In the Gospel today, Jesus teaches the most important remedy for the healing of our wounded souls and wounded relationships: forgiveness.  Through Jesus’ passion and death, God has forgiven us—our wounded relationship with God is healed.  And we are called to practice that same forgiveness towards others.  Just as there is not a single sin God will not forgive, so too there isn’t a single sin that we are not called to forgive.

Jesus says to forgive not just seven times, but seven times seven.

In the Hebrew tradition the number seven is a sacred number and refers to the limitless holiness of God.  When Jesus commands his disciples to forgive “seventy times seven” times, it is to say that his disciples are to have no limit in their own forgiveness. 
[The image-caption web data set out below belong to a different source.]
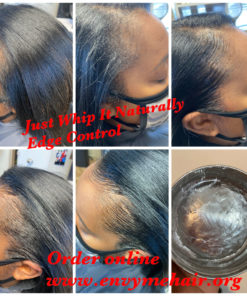 Using Just Whip It Naturally Shampoo,Conditioner and Wdge Control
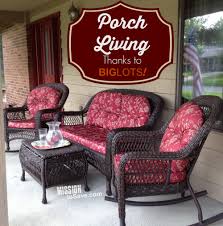 Loving Porch Living With Patio Set From Big Lots Mission To Save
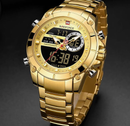Relógio Esportivo de Luxo NAVIFORCE 9163  Original Quartz Dual Display Estilo Militar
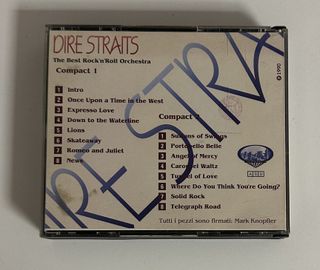 DIRE STRAITS knopfler 2CD BEST ROCK´N´ROLL ORCHEST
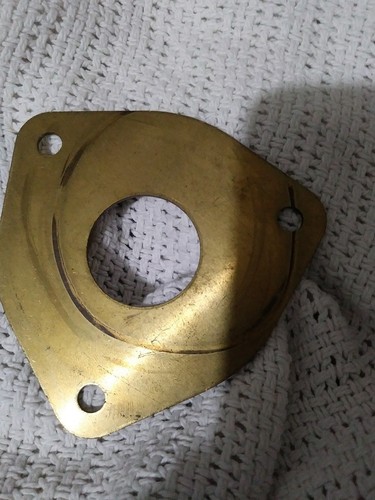 JASCO BRASS PLATE for WATERPUMP. BOAT waterpump application.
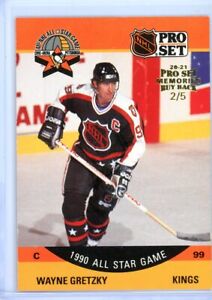 Leaf Hockey 20-21 Pro Set 1990 Memories Buy Back All Star 2/5 Wayne Gretzky
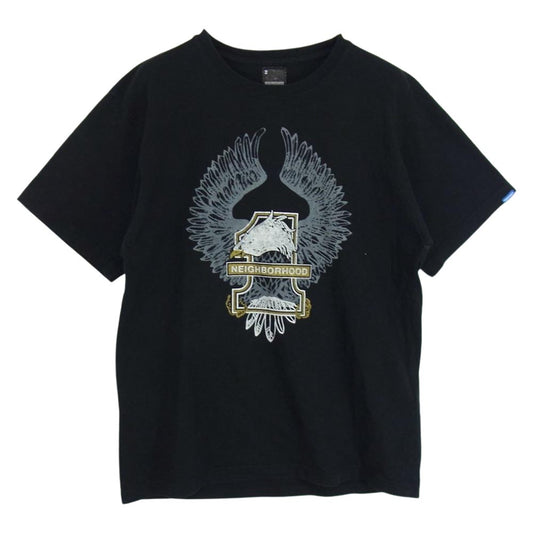 NEIGHBORHOOD ネイバーフッド MOTOR CYCLES ASSOCIATION TEE モーターサイクル アソシエーション 半袖 Tシャツ ブラック系 2【中古】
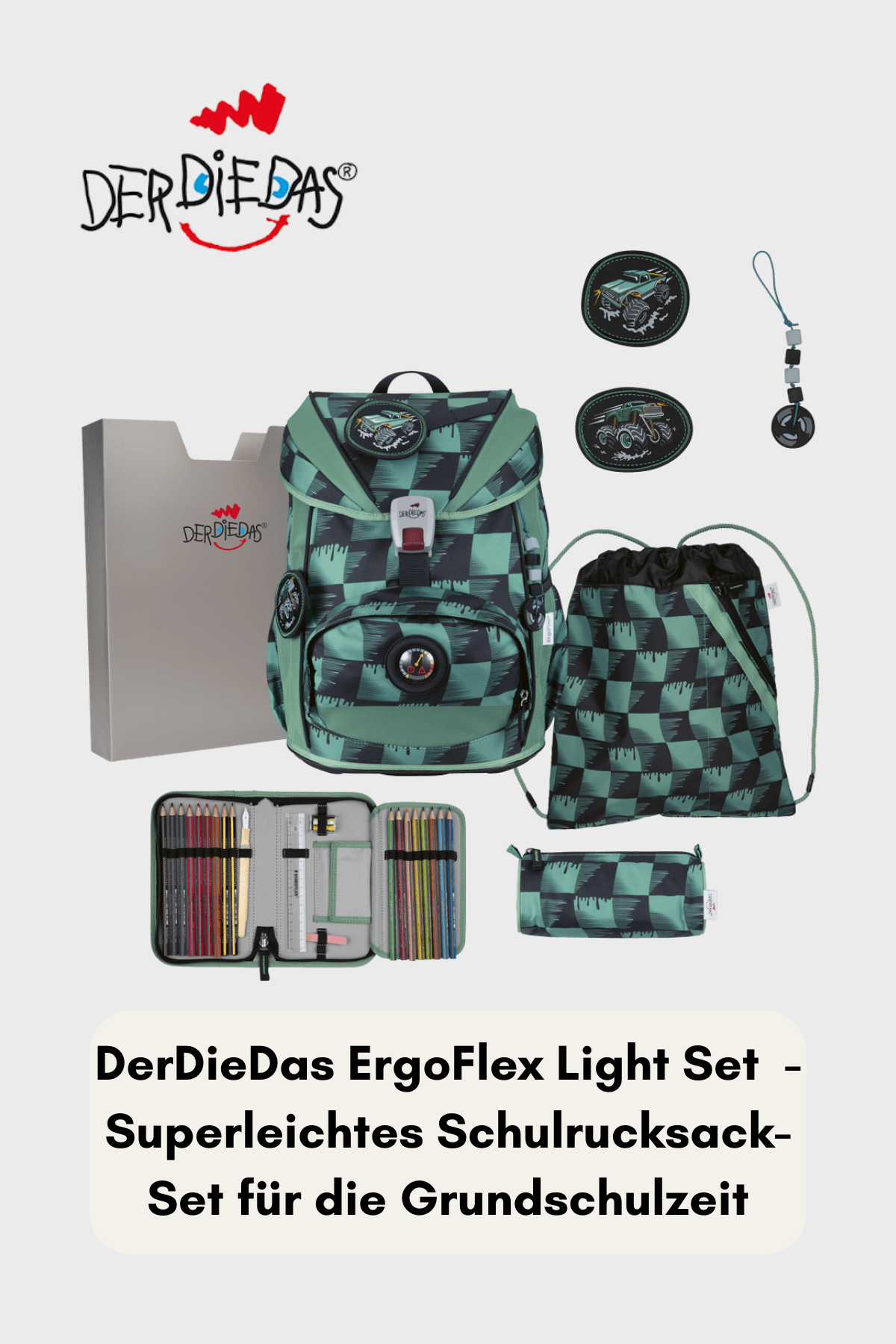 DerDieDas ErgoFlex Ligth Set 6 teilig - Exklusiv Superflash Super Truck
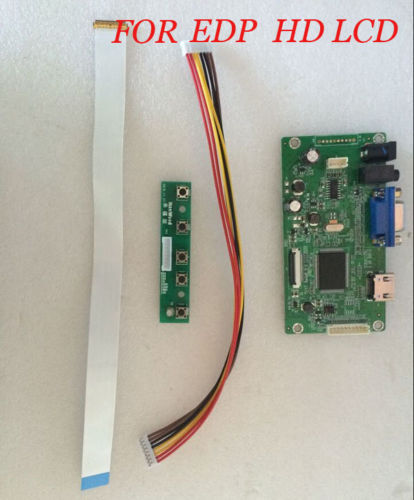 17.3 inch IPS 1920X1080 LCD LED Panel controller board kit 30pin EDP VGA HDMI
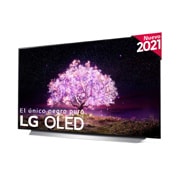 LG 4K OLED, SmartTV webOS 6.0, Procesador Inteligente 4K α9 Gen4 con AI, HDR Dolby Vision, DOLBY ATMOS [Clase de eficiencia energética G], OLED55C15LA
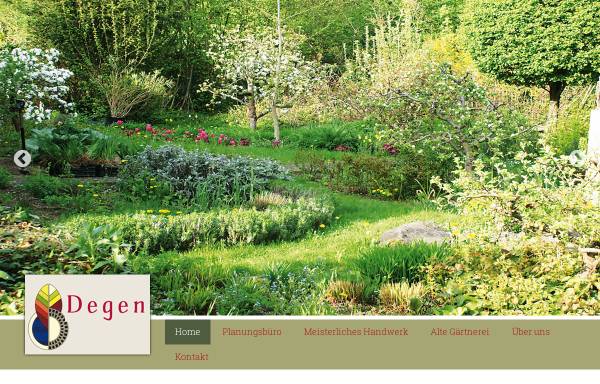 Vorschau von www.garten-von-degen.de, Degen - Landschaftsarchitektur, Garten- Landschaftsbau, Blumenladen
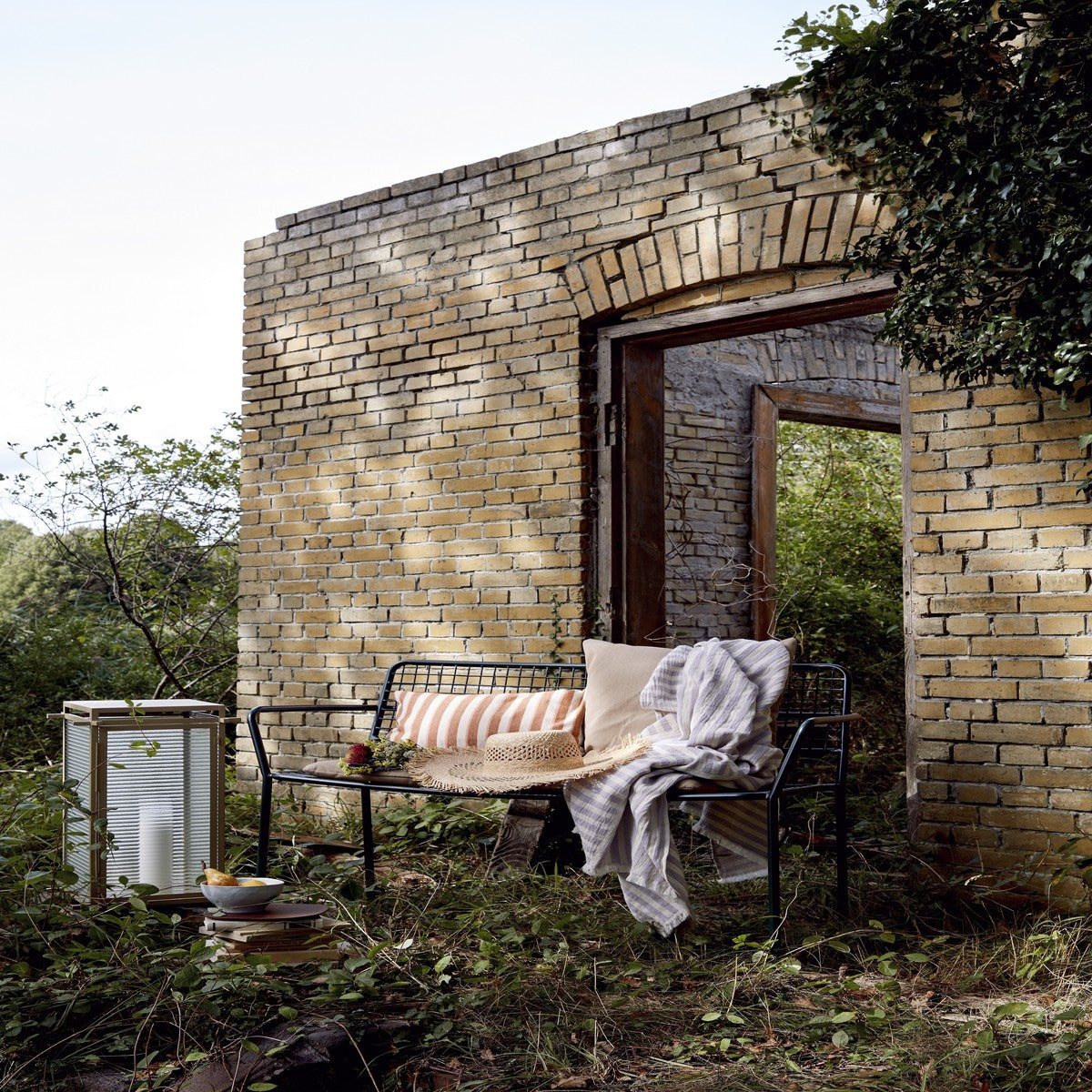 Fodere per cuscini Broste Copenhagen CLEO Marrone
It is difficult to forgive those who betray us—who offend, who harm us with their words and actions.  To forgive them sometimes feels like we are giving them a free pass.  Forgiving once, is sometimes hard enough, when we are hurt, there is that part of us that says, “I don’t want to talk to them, I don’t want to see them, I don’t want to be near them, I don’t even want to think about them.”  A Christian must never say, “I will never forgive you.” 

For Christ came to heal the wounds of sin and division—our division from God, and the division we continue to create between ourselves. 


So we need to be constantly about the work of forgiveness.  If upon self-examination you detect any anger or any hurt, now is the time to let it go.  And if the Holy Spirit is urging you to seek the forgiveness of a family member or neighbor you may have offended, go, do your best to be reconciled, to make peace, for the glory of God and salvation of souls.